Danks was instrumental in forming the National COVID-19 Outdoor Learning Initiative, an initiative meant to encourage schools to stay open by moving outside in safe conditions. Whether it’s designing outdoor classrooms, finding funding, or coping with excessive heat and cold, topics range across the board. A case study from Portland, Maine, for instance, demonstrates how the district purchased and distributed hats, gloves, and snow pants to make sure all students stayed warm during the winter months.
Several studies show that students who engage in outdoor learning suffer less stress and focus more, improving their overall health.
Classes outdoors don’t just reduce the risk of kids spreading germs. Several studies show that students who engage in outdoor learning suffer less stress and focus more, improving their overall health. Since the majority of nature preschools and forest kindergartens serve communities that are predominantly white and wealthy, getting more public school students outside can improve equitable access to nature, particularly in cities where parks are concentrated near wealthier neighborhoods but schools are evenly distributed.

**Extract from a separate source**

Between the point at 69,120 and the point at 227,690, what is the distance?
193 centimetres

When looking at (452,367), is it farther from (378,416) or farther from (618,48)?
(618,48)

Danks said that schools from small independent schools to large public schools like Washington, D.C., and New York City participated in the National COVID-19 Outdoor Learning Initiative. In many cities, including Peterborough, classes will continue to be held outside even after the pandemic subsides. According to Danks, there is a sustained interest in the project. Teachers and students who went outside reported pretty universally positive results, such as happier kids and teachers who felt safer and enjoyed spending some of their day outside.
It’s not necessarily that public schools are becoming full-on outdoor camps. Other schools simply built picnic-table desks or shade structures to incorporate indoor lessons into outdoor spaces, whereas others have incorporated outdoor activities such as gardening or even mountain biking into their curriculum. Schools often build such buildings with federal funds distributed to help them cope with pandemics.
The American education system is undergoing a massive transformation, despite small changes. Buildings and schoolyards in America’s schools reflect a mentality that originally sought to turn unruly kids into obedient soldiers and factory workers. In the 21st century, more schools are choosing a model that is aligned with contemporary values. While hurdles remain-California, for instance, prohibits schoolchildren from camping in tents big enough to house an entire class because of earthquake risk-this move is welcome news for parents like Nichols, who want to ensure their children are exposed to nature.
Danks said more schools are embracing outdoor learning as the Delta variant of COVID-19 spreads across the nation. School infrastructure investment can benefit schools both now and in the future. Neither this variant nor this crisis are going to be the last.